Federal capital gains exemption for the sale of your home


The 1997 Budget Bill and Tax Amendments provided substantial capital gain income tax relief to taxpayers who have sold their home.  Just as in the prior rules, the home being sold must be the taxpayer’s principal residence.
However, the 1997 capital gains exclusion is much more generous for most taxpayers.  Under these rules a couple can exclude taxes on up to $500,000 in profit on the sale of their home.  Single taxpayers may exclude up to $250,000 in profit.  The exclusion is no longer limited to older taxpayers. Anyone who owns their home for two of the past five years qualifies for the entire exemption, and if you live in the home for a shorter period, a pro rata amount can still be excluded.  Moreover, there is no limit on the number of times the exclusion can be used as long as the sale is of a residence.

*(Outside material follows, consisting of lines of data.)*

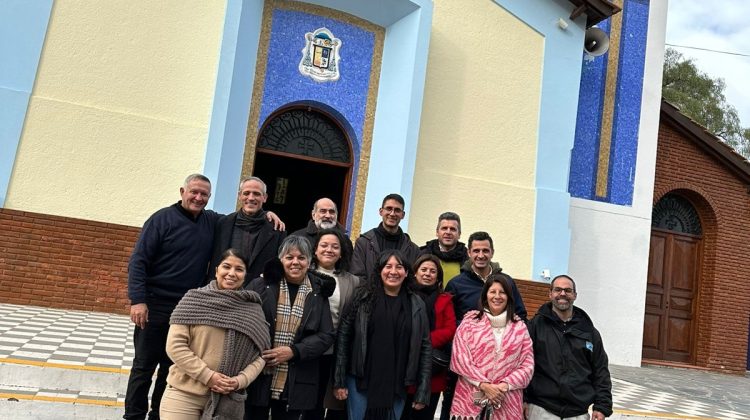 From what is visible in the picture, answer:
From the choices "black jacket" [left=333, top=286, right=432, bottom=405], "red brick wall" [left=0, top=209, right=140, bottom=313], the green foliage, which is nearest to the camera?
"black jacket" [left=333, top=286, right=432, bottom=405]

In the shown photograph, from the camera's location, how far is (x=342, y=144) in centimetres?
952

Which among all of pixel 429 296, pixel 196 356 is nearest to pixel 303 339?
pixel 196 356

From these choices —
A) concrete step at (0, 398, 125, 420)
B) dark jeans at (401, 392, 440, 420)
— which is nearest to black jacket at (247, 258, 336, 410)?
dark jeans at (401, 392, 440, 420)

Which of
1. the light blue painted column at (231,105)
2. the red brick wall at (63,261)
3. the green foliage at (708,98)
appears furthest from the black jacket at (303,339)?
the green foliage at (708,98)

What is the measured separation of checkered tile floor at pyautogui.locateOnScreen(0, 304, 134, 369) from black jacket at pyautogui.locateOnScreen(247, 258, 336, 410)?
7.37ft

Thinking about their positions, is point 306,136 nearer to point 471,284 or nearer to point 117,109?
point 117,109

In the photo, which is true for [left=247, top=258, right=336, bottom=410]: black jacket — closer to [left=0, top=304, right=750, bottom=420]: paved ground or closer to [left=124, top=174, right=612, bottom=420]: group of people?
[left=124, top=174, right=612, bottom=420]: group of people

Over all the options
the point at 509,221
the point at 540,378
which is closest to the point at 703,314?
the point at 509,221

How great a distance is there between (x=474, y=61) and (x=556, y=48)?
1.60m

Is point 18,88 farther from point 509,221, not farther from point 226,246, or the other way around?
point 509,221

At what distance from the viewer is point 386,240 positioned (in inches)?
185

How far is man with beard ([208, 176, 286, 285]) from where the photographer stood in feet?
13.9

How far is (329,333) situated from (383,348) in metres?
0.35

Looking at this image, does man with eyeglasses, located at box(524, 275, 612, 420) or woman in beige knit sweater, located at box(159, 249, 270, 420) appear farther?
man with eyeglasses, located at box(524, 275, 612, 420)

With these rules, however, the former exclusion by rolling over profits into a new home is gone.  This will matter most to long time property owners who have rolled over profits when purchasing bigger and bigger homes.  If the current house sale will result in some tax liability because you have profits in excess of the new maximums, you can no longer avoid the tax by buying another house.

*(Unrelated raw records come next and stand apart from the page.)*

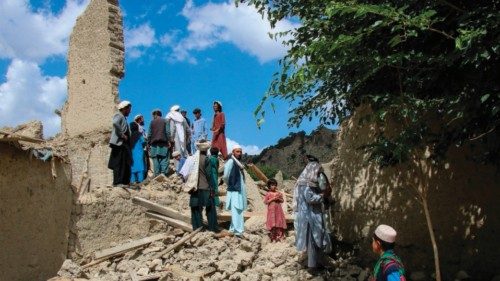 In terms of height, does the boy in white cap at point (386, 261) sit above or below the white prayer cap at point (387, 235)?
below

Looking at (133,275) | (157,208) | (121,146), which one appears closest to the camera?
(133,275)

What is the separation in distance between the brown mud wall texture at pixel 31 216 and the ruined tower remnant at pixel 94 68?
6321 mm

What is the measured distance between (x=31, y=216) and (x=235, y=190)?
3.03m

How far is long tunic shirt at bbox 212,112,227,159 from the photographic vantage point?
12445 millimetres

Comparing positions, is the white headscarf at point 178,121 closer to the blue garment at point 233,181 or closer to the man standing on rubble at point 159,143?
the man standing on rubble at point 159,143

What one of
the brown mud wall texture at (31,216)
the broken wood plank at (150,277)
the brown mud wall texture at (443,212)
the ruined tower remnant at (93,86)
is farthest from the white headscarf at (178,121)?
the brown mud wall texture at (443,212)

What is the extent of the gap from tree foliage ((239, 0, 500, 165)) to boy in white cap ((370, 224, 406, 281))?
57.8 inches

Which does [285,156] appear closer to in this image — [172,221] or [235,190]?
[172,221]

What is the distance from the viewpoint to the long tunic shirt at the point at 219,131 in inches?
490

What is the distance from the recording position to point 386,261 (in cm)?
430

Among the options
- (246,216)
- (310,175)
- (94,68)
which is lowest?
(246,216)

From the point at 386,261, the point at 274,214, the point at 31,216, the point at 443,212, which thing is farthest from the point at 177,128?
the point at 386,261

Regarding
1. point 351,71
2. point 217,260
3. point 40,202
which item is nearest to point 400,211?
point 351,71

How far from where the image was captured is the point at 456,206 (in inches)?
277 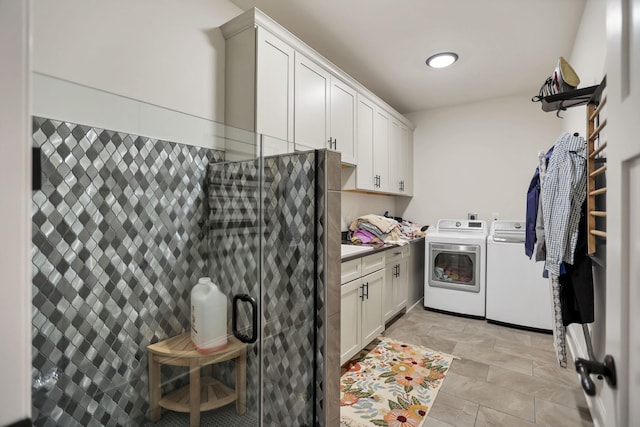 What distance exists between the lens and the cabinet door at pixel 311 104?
2.28 meters

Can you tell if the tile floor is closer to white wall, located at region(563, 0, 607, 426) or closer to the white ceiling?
white wall, located at region(563, 0, 607, 426)

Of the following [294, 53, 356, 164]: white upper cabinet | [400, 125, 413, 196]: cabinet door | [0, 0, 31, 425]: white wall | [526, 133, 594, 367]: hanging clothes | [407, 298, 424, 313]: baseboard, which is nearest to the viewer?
[0, 0, 31, 425]: white wall

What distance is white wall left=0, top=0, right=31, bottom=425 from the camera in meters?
0.38

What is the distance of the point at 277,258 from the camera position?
1495 millimetres

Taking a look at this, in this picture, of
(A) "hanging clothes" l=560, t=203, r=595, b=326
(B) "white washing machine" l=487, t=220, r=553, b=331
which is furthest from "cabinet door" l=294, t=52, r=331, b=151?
(B) "white washing machine" l=487, t=220, r=553, b=331

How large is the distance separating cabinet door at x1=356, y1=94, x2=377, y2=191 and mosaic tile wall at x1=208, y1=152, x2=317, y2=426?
1.72 m

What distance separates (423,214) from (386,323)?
1.87m

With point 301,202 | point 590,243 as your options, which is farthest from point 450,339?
point 301,202

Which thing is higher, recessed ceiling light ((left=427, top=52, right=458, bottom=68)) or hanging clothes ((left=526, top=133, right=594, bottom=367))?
recessed ceiling light ((left=427, top=52, right=458, bottom=68))

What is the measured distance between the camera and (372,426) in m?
1.78

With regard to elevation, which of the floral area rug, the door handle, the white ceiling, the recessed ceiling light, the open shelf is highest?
the white ceiling

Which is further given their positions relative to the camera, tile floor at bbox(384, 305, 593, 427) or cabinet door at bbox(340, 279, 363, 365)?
cabinet door at bbox(340, 279, 363, 365)

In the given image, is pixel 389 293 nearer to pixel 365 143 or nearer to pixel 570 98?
pixel 365 143

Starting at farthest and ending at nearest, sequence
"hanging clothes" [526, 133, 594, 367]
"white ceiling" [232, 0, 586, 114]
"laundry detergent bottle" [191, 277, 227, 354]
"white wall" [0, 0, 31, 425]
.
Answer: "white ceiling" [232, 0, 586, 114] → "hanging clothes" [526, 133, 594, 367] → "laundry detergent bottle" [191, 277, 227, 354] → "white wall" [0, 0, 31, 425] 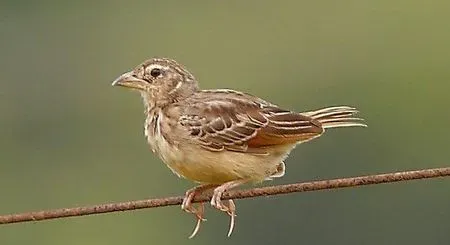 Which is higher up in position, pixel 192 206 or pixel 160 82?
pixel 160 82

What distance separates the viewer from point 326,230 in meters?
25.3

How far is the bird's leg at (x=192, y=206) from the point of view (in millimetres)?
10273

What exactly is capital gain?  The capital gains tax exclusion is an exclusion of the profit you made on selling your home.  To calculate the profit, you take the "basis" -- that is what you paid for the house originally plus improvements that you paid for that increase the house's value -- and subtract it from the selling price.  The difference is your gain or profit.  If you owned your home for a number of years it is likely that the sale price is more than the combination of purchase price plus improvements.  If the gain is less than the exclusion there is no tax.

As an example, let’s say you are single and your basis in your home is $50,000, a combination of the $20,000 purchase price and $30,000 for improvements over the years.  If you sell the house today for $125,000, you have a capital gain of $75,000.  Since this is less than $250,000 (the exclusion allowed for a single person) you would not pay any capital gains income tax.